Ans Aufgeben will der Landwirt selbst aber nicht denken. Er fühlt sich 365 Tage und rund um die Uhr seinen Tieren verpflichtet. Bio wäre für ihn erst ein Thema, wenn die Rahmenbedingungen stimmen und abgesichert sind.

Gierth: "Schließlich stehe ich als Unternehmer bis zu meiner Rente bei der Bank in der Pflicht."

Fischer stellen sich breiter auf

Teichwirt Armin Kittner (60) mit einem Prachtexemplar von Karpfen.
Teichwirt Armin Kittner (60) mit einem Prachtexemplar von Karpfen.  © Norbert Neumann

Sachsens Binnenfischer setzen seit Jahrhunderten auf die Karpfenteichwirtschaft. Armin Kittner (60) fühlt sich als Teichwirt im ostsächsischen Petershain diesen Traditionen verpflichtet.

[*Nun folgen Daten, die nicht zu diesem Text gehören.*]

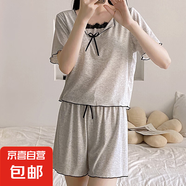 莫代爾棉夏季睡衣女帶胸墊蝴蝶結蕾絲花邊方領(lǐng)短袖短褲家居服套裝 1811灰色 2XL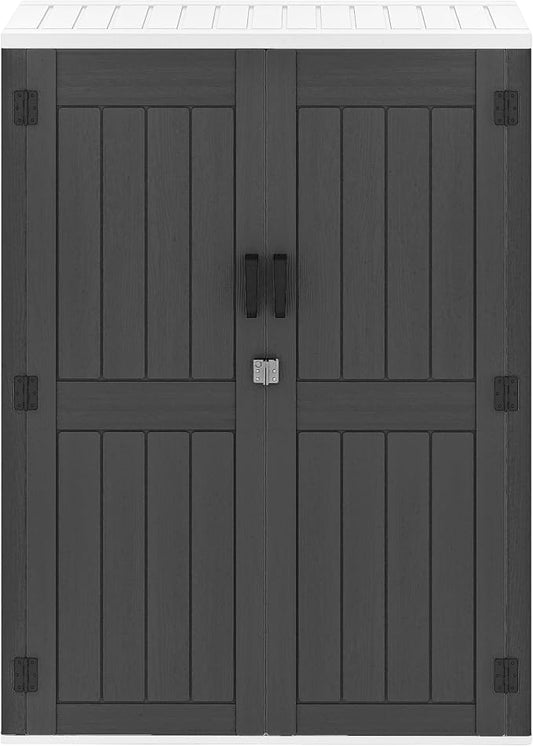 DWVO 59 Cu. Ft. Vertical Storage Shed, Weatherproof Outdoor Tall Cabinet by DWVO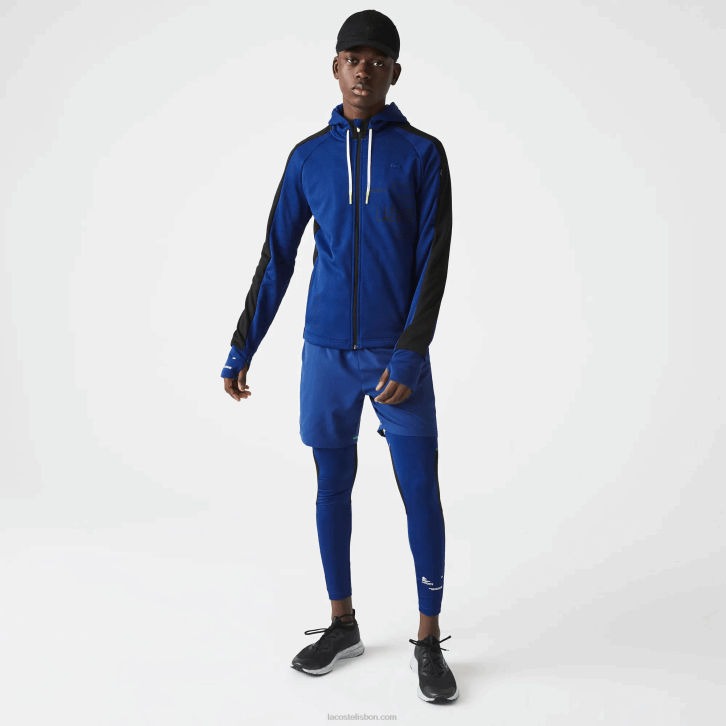 homens Lacoste azul preto branco pw jaqueta com capuz de banda de contraste esporte 08D01191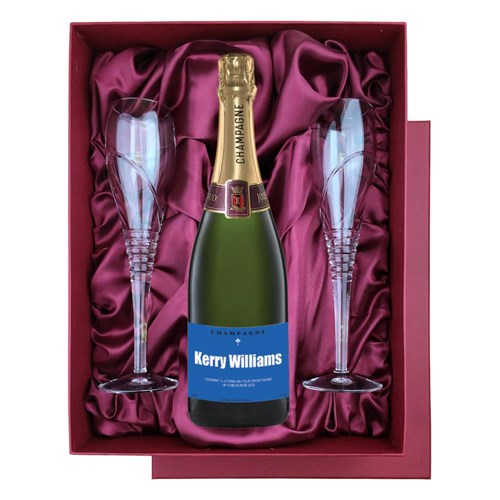 Personalised Champagne - Blue Label in Red Luxury Presentation Set With Flutes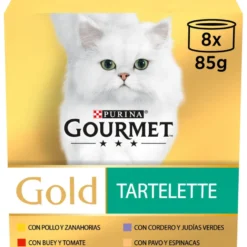 Gourmet Gold Tartelette Alimento húmido de carne em lata para gatos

Kittners Firmengruppe wirft ihre Netze inzwischen aber sehr weit aus, um der heimischen Fischerei eine Zukunft zu geben. Auch, weil die Trockenheit ihnen zusetzt.

"Wir produzieren auch Karpfen", sagt der Multiunternehmer mit Blick auf sein Hofladen-Sortiment. Wels, Wildbret und Wachteleier sind dort im Angebot. Kittners Fischerei-Betrieb widmet sich neben der Produktion von Speisefischen auch der Zucht von Satz- und Zierfischen.

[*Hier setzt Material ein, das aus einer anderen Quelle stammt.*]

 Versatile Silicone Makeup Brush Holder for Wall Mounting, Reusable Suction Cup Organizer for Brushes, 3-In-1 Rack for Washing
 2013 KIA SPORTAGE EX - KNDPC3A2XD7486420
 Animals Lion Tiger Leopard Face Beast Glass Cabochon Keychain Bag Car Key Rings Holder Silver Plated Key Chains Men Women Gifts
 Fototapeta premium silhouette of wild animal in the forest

Petrijüngern ohne Fischereischein ermöglicht man am Großdrebnitzer Großteich Angler-Abenteuer. Wer fischen, jagen und Urlaub machen will im Land der tausend Teiche, kann bei Familie Kittner Ferien im Blockhaus buchen.

"Neuerdings gibt es bei uns sogar ein Wildgehege", erzählt der umtriebige Unternehmer freudig.

Dann kippt allerdings seine Stimmung. Er beginnt zu klagen. Der Wolf hat sich jüngst unterm Zaun des Geheges durchgegraben und 14 Stück Muffelwild gerissen. Vor nicht allzu langer Zeit gab es Ärger mit Bibern, die sich an Dämmen abgearbeitet haben. Fischotter, Reiher und Kormorane plündern die Teiche und fressen jedes Jahr Tonnen von Fisch, so Kittner.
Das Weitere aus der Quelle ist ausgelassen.